Maraş merkezli depremlerde yerle bir olan Hatay’da Barınma Hakkı Platformu üyeleri, iktidarın rant ve talan odaklı projelerine karşı yaptığı mahalle buluşmalarına ve toplantılarına devam ediyor.
Son olarak dün Turunçlu Mahallesi’nde bir araya gelen platform üyeleri ile mahalle sakinleri, barınma hakkı ve yerel sorunları tartışarak toplantı düzenledi. Toplantıya katılan yurttaşlar, AKP iktidarının deprem bölgesini 19 aydır ayağa kaldıramamasına tepki göstererek “Biz müşteri değil, depremzedeyiz” dedi.

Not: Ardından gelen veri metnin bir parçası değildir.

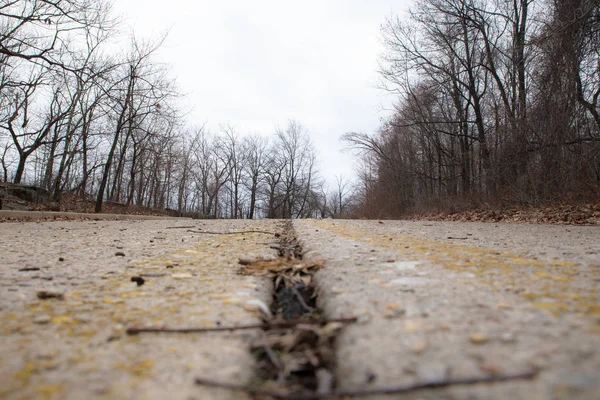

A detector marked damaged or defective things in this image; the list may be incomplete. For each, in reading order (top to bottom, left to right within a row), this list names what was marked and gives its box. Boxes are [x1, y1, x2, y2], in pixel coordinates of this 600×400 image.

cracked road [1, 217, 600, 398]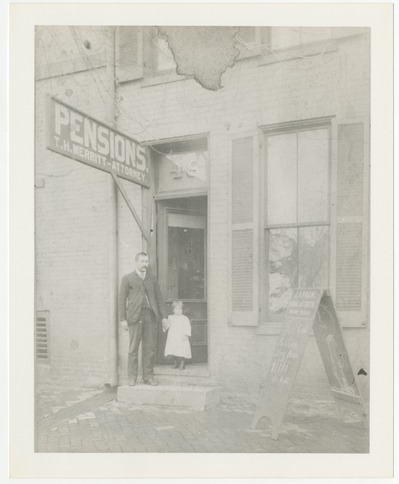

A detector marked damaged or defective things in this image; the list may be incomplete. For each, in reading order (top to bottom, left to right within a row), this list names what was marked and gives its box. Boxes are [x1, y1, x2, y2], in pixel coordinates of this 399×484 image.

cracked plaster patch [158, 26, 241, 91]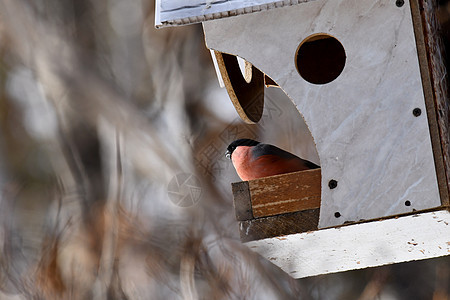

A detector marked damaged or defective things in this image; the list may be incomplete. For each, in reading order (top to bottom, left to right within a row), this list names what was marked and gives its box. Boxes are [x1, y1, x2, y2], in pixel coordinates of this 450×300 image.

rusty stain on wood [248, 169, 322, 218]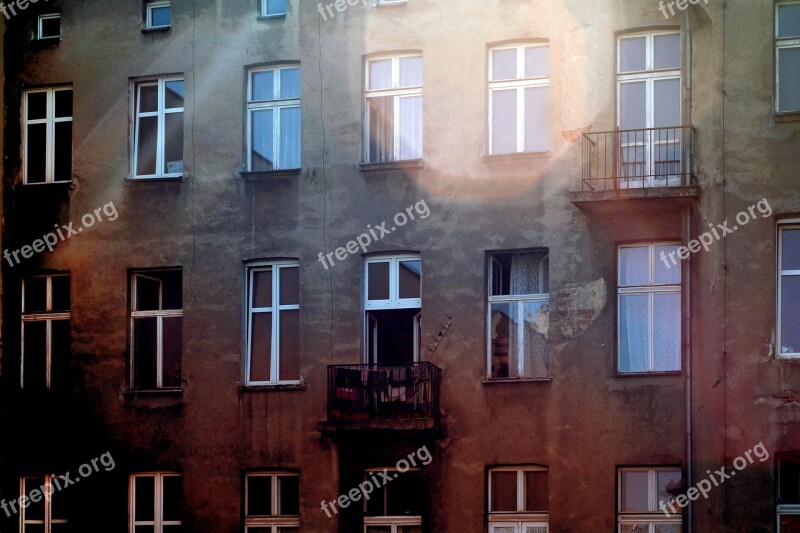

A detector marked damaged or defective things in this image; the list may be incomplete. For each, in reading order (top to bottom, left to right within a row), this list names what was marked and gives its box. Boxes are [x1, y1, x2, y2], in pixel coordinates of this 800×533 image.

peeling plaster patch [556, 278, 608, 336]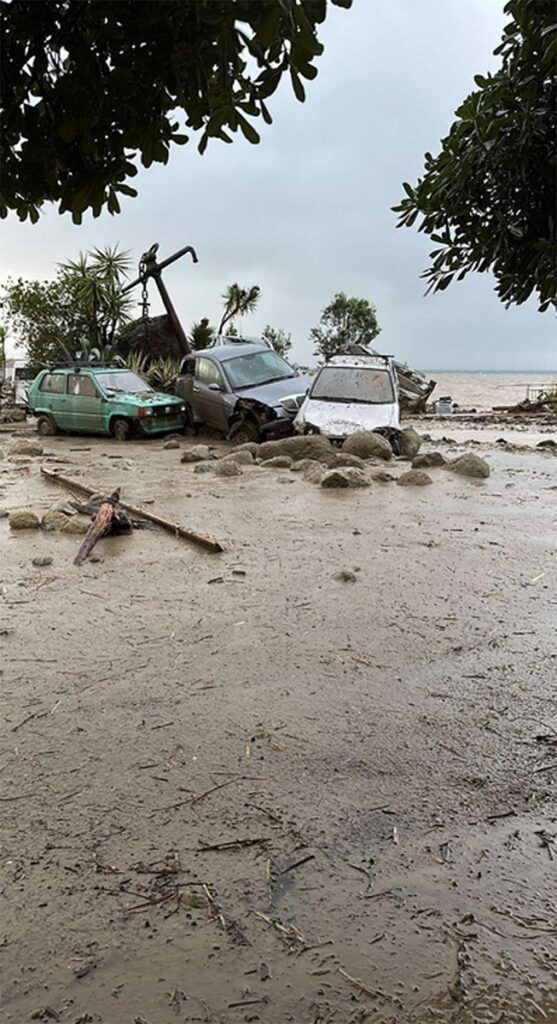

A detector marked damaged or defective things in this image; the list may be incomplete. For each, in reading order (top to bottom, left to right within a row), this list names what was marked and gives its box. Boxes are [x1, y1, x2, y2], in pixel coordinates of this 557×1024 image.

damaged car front [176, 344, 309, 444]
damaged car front [294, 352, 401, 448]
broken wooden plank [40, 468, 225, 557]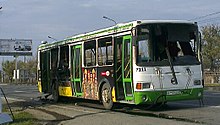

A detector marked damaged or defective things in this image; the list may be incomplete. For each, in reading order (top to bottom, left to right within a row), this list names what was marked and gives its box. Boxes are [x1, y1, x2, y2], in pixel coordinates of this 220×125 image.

damaged bus exterior [37, 19, 203, 109]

Burada konuşan Barınma Hakkı Platformu üyesi Ece Doğru, rezerv alan yasasının belirsizliklerle dolu olduğunu söyledi. Doğru şöyle konuştu: “Platform olarak hiçbir gerekçe gösterilmeden rezerv alana alınan sonra hiçbir gerekçe gösterilmeden çıkarılan geldiğimiz bu noktada yayınlanan harita ile bir kez daha rezerv alan içerisine alınan Turunçlu mahallesindeyiz. Kentte barınmaya dair sorunlar artarak devam ederken, çadırda ve konteynerde kalanlar varken rezerv alan muğlaklığı ile sıkıştırılan Hataylılar olarak sesimizi birlikte yükseltme iradesi göstermek için bir aradaydık. En geniş zemindeki barınma hakkı mücadelesinin ancak ve ancak barınma sorunu yaşayan herkesin ortak taleplerini yükseltmek ile verileceğine inanıyoruz.”
Platform üyeleri ve mahalleli, taleplerini ise şöyle sıraladı:
• Kalıcı, sağlıklı konutlarımızı bedelsiz istiyoruz.

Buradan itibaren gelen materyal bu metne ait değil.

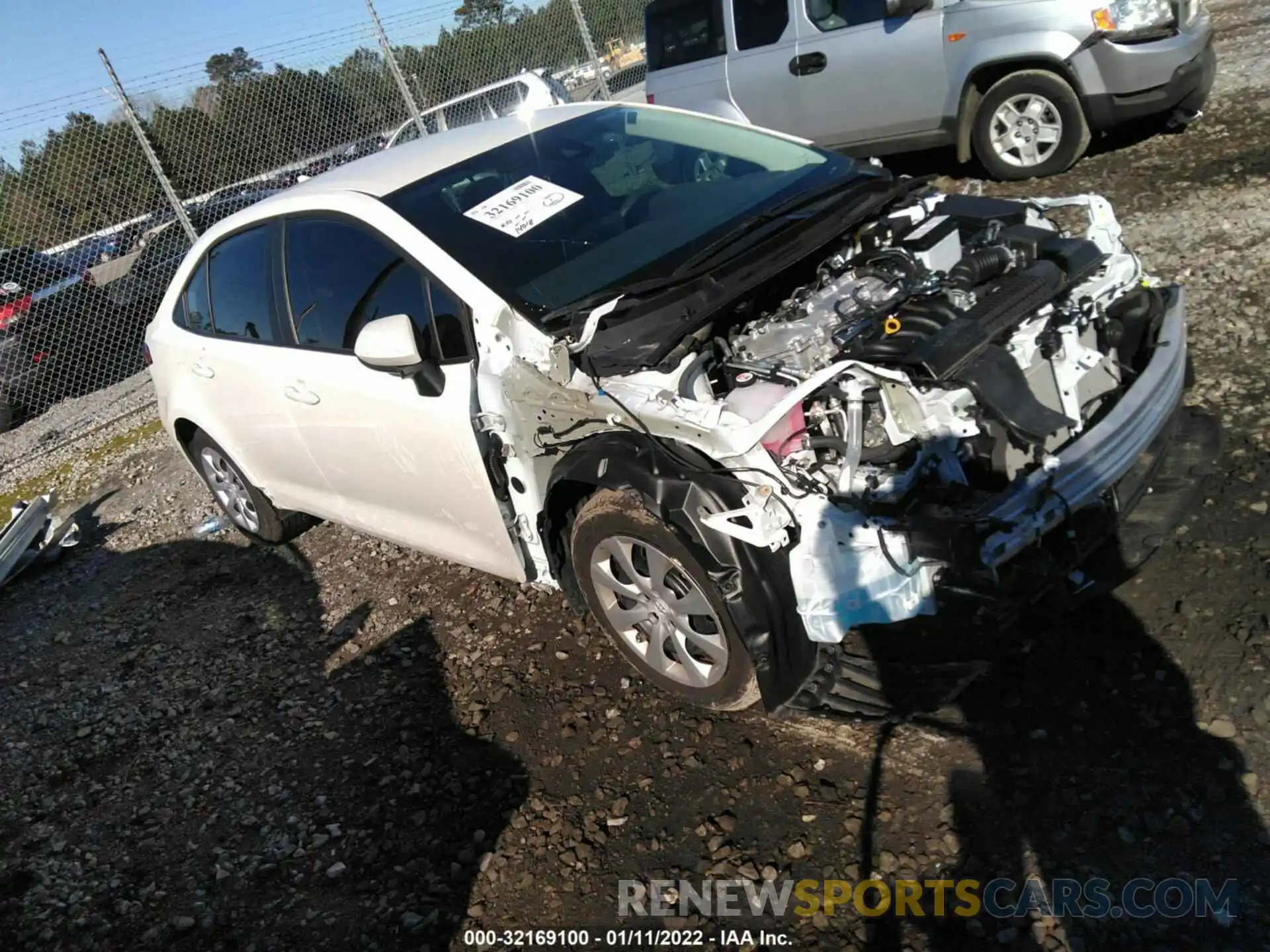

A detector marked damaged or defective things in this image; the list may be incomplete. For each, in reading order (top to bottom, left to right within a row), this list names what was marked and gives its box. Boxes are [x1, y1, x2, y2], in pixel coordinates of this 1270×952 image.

broken plastic debris [0, 492, 81, 588]
white damaged sedan [146, 102, 1219, 715]
exposed car engine [706, 192, 1153, 508]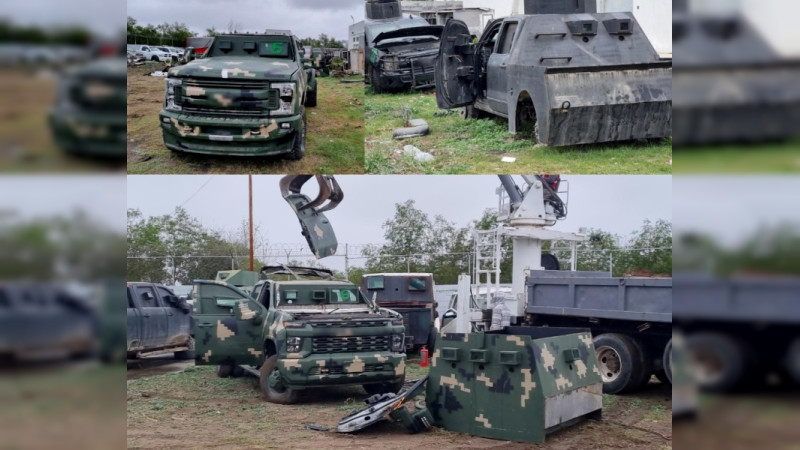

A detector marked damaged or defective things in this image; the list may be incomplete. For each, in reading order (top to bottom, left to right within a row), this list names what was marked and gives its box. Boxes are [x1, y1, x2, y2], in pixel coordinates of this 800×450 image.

• Rezerv alan yasası talan yasasıdır, iptal edilmelidir.
• Kira yardımı devam ettirilmeli, artırılmalı; sosyal konutlar hızla üretilmelidir. Hakkımız olan kira desteği için haklarımızdan vazgeçmiyoruz.
• Nitelikli barınma alanları yaratmakta çok geç kalındı. Depremden sonra yerleştirildiğimiz geçici barınma alanlarının insanca yaşanacak yerlere dönüştürülmesini istiyoruz.
• Rezerv alan yasası ile tadilatı yapılmış, hasarsız ve az hasarlı, güçlendirilmesi yapılmış orta hasarlı evlerimizin yıkılmasını istemiyoruz.